Voto: 30/30 a Nôtre Musique

 


Quando si assiste ad un film di Michael Moore si resta inizialmente perplessi e ci si pone d’obbligo una domanda: “Come può un’autore sparare contro il Sistema, contro i rappresentanti del Potere, fare nomi, cognomi, mostrare volti… senza non solo rischiare querele, ma anzi riuscendo a proiettare il proprio film addirittura al Festival di Cannes?” - mentre in Italia, per molto meno, alcuni programmi televisivi hanno chiuso i battenti!

Per prima cosa è bene precisare, che Fahrenheit 9/11, l’ultimo film di Michael Moore appunto, quasi sicuramente non uscirà negli States: perchè in questo documentario chi viene preso di mira è il presidente George W Bush Jr. in persona! Lo dileggia con sarcasmo, certo, con quel tipico humour nero che in parte ci diverte e in parte ci fa riflettere. Moore non dice nulla che non fosse già noto: che Bush avesse avuto rapporti d’affari con la famiglia Bin Laden lo si sapeva già; che Bush stesse leggendo favole ai bambini in una scuola elementare mentre due aerei facevano crollare le torri, era noto a tutti; che né l’Iraq, né l’Afghanistan avessero armi nucleari, non è una novità. Ma allora cosa dice di nuovo Fahrenheit 9/11?

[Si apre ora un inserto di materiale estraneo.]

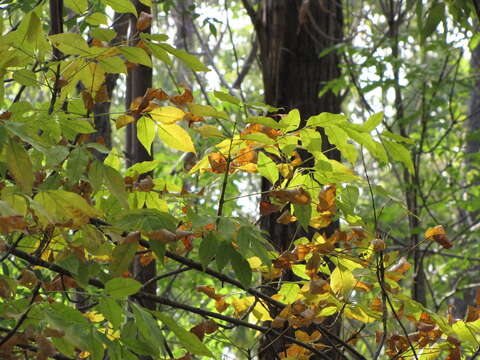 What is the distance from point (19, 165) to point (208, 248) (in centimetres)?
33

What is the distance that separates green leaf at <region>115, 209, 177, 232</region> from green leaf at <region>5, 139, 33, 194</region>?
0.17 m

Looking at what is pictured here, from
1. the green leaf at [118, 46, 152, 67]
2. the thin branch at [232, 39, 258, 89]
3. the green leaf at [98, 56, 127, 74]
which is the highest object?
the thin branch at [232, 39, 258, 89]

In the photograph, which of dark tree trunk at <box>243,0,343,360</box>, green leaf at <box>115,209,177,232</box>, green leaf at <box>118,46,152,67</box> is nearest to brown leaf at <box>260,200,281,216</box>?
green leaf at <box>115,209,177,232</box>

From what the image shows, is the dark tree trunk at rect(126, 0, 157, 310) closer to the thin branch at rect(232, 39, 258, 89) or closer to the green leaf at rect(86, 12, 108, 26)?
the green leaf at rect(86, 12, 108, 26)

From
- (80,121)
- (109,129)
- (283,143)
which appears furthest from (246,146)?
(109,129)

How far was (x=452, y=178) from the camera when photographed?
488 centimetres

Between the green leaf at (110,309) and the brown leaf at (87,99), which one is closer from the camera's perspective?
the green leaf at (110,309)

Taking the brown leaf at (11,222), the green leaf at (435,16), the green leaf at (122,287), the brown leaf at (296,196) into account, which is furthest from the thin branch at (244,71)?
the brown leaf at (11,222)

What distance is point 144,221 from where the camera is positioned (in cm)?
111

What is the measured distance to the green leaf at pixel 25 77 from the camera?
1.23m

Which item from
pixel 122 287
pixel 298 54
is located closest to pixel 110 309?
pixel 122 287

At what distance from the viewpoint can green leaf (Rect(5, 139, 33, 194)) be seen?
980mm

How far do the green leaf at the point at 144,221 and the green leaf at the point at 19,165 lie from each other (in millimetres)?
174

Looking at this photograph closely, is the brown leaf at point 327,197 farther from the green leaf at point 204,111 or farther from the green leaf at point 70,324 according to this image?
the green leaf at point 70,324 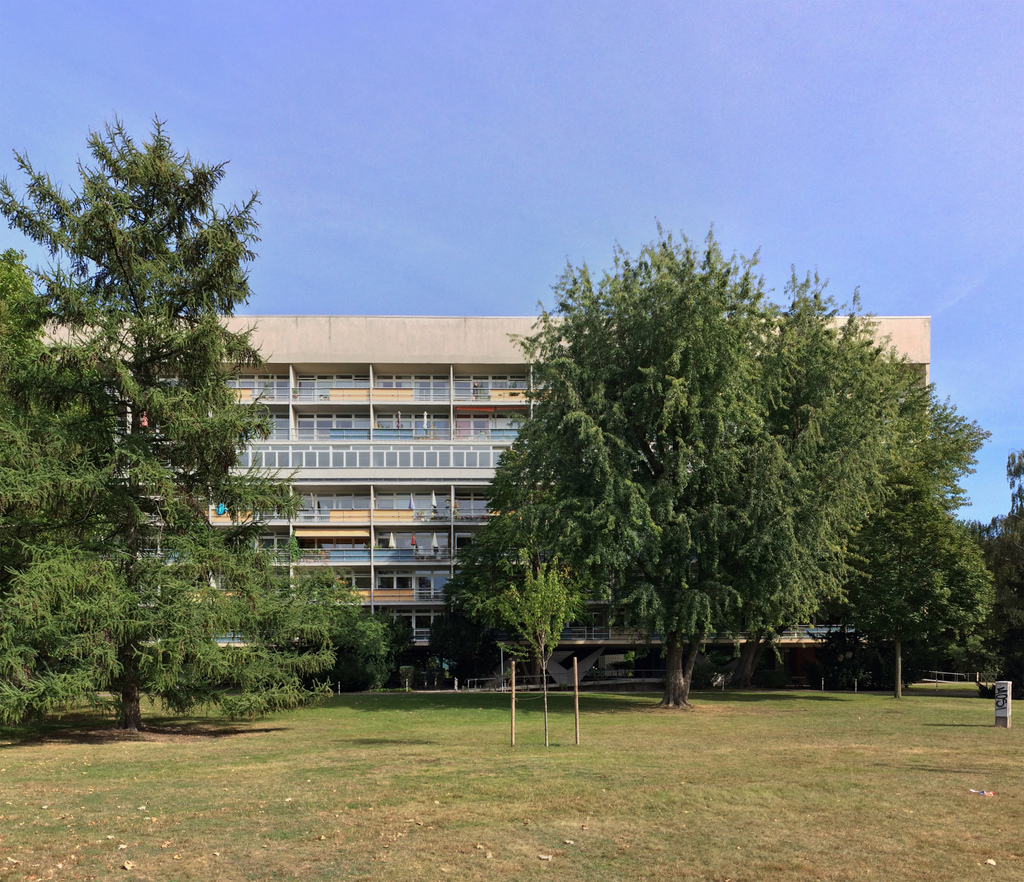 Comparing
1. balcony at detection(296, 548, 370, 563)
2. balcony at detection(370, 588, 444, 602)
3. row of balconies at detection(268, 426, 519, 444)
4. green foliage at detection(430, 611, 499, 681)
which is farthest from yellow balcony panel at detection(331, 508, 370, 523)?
green foliage at detection(430, 611, 499, 681)

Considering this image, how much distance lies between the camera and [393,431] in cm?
6362

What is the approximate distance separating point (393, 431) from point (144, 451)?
39.3 metres

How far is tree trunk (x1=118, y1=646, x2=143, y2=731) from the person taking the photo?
79.0 feet

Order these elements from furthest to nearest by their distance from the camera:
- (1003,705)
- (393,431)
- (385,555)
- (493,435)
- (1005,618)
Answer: (393,431)
(493,435)
(385,555)
(1005,618)
(1003,705)

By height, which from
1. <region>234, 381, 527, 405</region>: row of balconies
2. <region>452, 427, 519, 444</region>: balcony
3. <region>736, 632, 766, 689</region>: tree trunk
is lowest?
<region>736, 632, 766, 689</region>: tree trunk

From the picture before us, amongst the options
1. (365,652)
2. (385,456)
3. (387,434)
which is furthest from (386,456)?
(365,652)

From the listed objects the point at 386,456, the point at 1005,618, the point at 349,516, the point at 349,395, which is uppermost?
the point at 349,395

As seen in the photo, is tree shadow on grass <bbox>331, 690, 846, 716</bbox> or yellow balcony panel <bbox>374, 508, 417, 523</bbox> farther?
yellow balcony panel <bbox>374, 508, 417, 523</bbox>

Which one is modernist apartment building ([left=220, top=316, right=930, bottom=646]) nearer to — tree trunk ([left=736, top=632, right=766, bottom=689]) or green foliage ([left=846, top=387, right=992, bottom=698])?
tree trunk ([left=736, top=632, right=766, bottom=689])

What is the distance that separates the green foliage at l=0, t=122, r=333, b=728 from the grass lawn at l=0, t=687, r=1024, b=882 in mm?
2412

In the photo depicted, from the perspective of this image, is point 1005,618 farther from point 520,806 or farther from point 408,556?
point 520,806

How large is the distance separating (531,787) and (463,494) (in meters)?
48.7

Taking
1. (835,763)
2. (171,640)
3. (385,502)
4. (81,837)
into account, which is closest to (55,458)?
(171,640)

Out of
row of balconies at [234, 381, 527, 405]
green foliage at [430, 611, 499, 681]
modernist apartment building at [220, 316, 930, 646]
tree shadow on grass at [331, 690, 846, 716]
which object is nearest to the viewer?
tree shadow on grass at [331, 690, 846, 716] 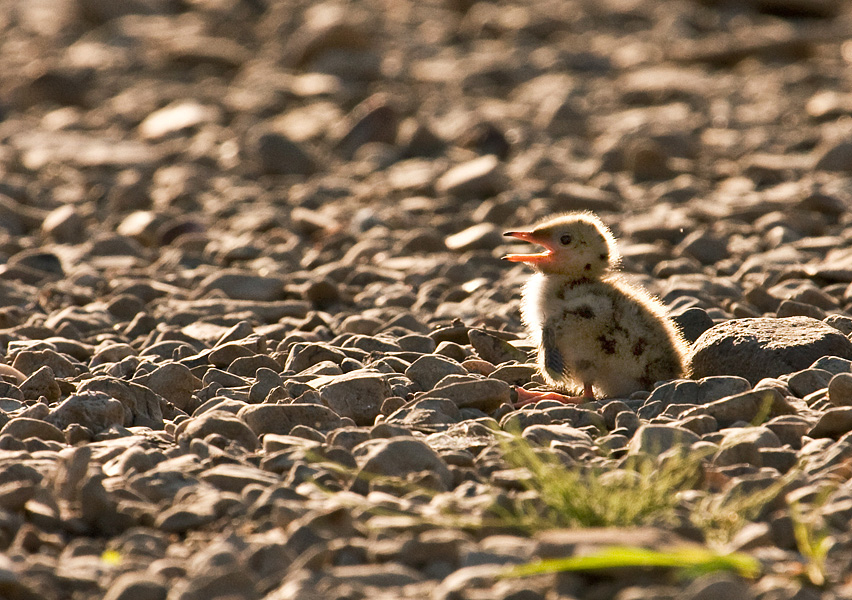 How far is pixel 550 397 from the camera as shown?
540 centimetres

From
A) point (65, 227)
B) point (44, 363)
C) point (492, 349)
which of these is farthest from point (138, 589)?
point (65, 227)

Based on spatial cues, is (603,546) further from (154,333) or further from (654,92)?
(654,92)

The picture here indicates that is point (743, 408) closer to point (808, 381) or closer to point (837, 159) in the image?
point (808, 381)

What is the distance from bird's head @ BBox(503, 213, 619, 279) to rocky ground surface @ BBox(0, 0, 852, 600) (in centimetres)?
52

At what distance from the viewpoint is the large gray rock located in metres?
5.42

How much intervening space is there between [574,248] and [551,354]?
54cm

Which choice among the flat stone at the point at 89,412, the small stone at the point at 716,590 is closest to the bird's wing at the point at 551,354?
the flat stone at the point at 89,412

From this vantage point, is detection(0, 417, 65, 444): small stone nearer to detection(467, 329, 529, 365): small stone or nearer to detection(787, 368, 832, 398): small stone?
detection(467, 329, 529, 365): small stone

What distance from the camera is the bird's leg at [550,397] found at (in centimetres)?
538

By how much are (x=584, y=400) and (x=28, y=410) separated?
7.49ft

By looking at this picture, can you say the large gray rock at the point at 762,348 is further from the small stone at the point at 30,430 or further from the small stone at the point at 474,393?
the small stone at the point at 30,430

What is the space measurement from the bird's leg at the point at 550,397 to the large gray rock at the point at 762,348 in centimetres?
49

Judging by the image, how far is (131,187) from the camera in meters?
10.2

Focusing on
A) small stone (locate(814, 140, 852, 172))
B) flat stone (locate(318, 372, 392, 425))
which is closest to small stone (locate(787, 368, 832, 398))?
flat stone (locate(318, 372, 392, 425)) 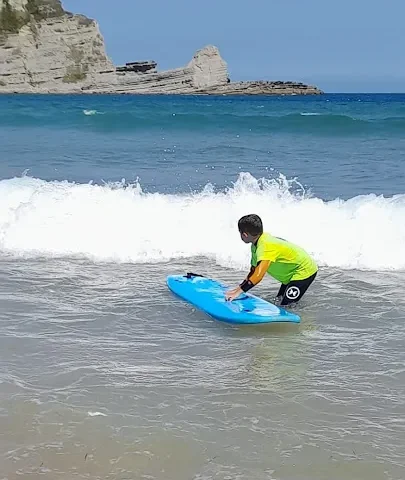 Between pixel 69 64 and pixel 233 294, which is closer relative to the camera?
pixel 233 294

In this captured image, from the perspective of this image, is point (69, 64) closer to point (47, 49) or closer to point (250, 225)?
point (47, 49)

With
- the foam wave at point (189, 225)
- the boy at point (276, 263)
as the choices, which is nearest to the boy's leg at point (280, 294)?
the boy at point (276, 263)

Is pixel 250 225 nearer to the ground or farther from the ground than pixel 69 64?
nearer to the ground

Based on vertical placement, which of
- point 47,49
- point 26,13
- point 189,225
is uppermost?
point 26,13

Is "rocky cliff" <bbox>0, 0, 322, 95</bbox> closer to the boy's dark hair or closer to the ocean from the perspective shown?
the ocean

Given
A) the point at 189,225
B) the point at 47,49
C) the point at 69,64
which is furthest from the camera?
the point at 69,64

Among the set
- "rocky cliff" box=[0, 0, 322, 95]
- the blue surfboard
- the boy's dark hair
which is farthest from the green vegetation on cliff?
the boy's dark hair

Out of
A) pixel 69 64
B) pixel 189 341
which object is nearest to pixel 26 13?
pixel 69 64

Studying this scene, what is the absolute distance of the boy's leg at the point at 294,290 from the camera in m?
6.40

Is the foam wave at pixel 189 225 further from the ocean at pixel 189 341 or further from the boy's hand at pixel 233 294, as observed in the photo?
the boy's hand at pixel 233 294

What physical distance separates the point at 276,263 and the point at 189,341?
4.15ft

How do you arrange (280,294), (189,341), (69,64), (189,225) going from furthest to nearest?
(69,64), (189,225), (280,294), (189,341)

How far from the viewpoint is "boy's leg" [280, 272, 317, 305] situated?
640 cm

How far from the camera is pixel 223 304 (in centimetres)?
620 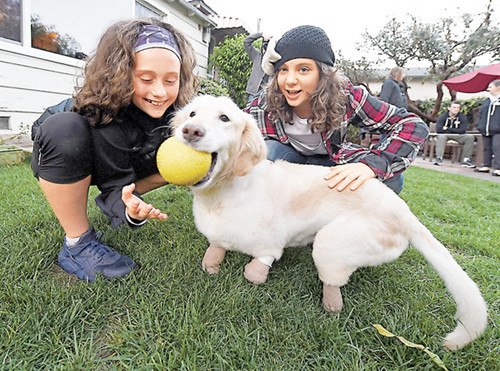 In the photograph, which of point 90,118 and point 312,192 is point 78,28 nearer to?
point 90,118

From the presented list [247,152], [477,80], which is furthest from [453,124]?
[247,152]

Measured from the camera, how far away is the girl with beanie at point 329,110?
76.0 inches

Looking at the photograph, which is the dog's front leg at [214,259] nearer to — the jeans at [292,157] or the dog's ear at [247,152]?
the dog's ear at [247,152]

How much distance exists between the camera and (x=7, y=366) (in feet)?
3.58

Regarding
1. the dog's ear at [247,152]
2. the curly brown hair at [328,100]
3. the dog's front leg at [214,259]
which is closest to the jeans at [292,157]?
the curly brown hair at [328,100]

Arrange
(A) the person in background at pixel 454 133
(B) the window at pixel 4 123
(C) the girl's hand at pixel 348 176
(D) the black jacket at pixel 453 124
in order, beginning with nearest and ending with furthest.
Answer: (C) the girl's hand at pixel 348 176, (B) the window at pixel 4 123, (A) the person in background at pixel 454 133, (D) the black jacket at pixel 453 124

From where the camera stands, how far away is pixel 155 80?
1790mm

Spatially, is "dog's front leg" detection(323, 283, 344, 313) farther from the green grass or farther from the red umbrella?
the red umbrella

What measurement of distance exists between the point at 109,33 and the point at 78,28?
434 cm

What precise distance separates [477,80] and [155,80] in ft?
36.3

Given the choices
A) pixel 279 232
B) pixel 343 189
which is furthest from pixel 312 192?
pixel 279 232

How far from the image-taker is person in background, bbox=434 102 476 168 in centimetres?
931

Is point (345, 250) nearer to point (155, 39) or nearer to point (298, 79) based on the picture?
point (298, 79)

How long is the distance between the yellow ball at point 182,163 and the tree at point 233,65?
23.0 feet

Fahrenheit 9/11 ci mostra le immagini che non abbiamo mai visto, così come ci fa rivedere immagini che probabilmente abbiamo dimenticato e ci ricorda la storia di questo Presidente: il suo background, la campagna elettorale, le elezioni presidenziali in Florida, le torri, la guerra… le vittime della guerra. Ma Michael Moore ci mostra anche qualcosa che non immaginavamo, ad esempio due ufficiali che fanno il giro dei centri commerciali, cercando di persuadere i giovani ad arruolarsi. Oppure il make up di certi politici prima delle riprese televisive.

A mio avviso, però, la scena più forte si rivela quella in cui lo stesso Moore intervista i senatori americani chiedendo loro se sacrificherebbero mai la vita di un loro figlio per il bene della Nazione.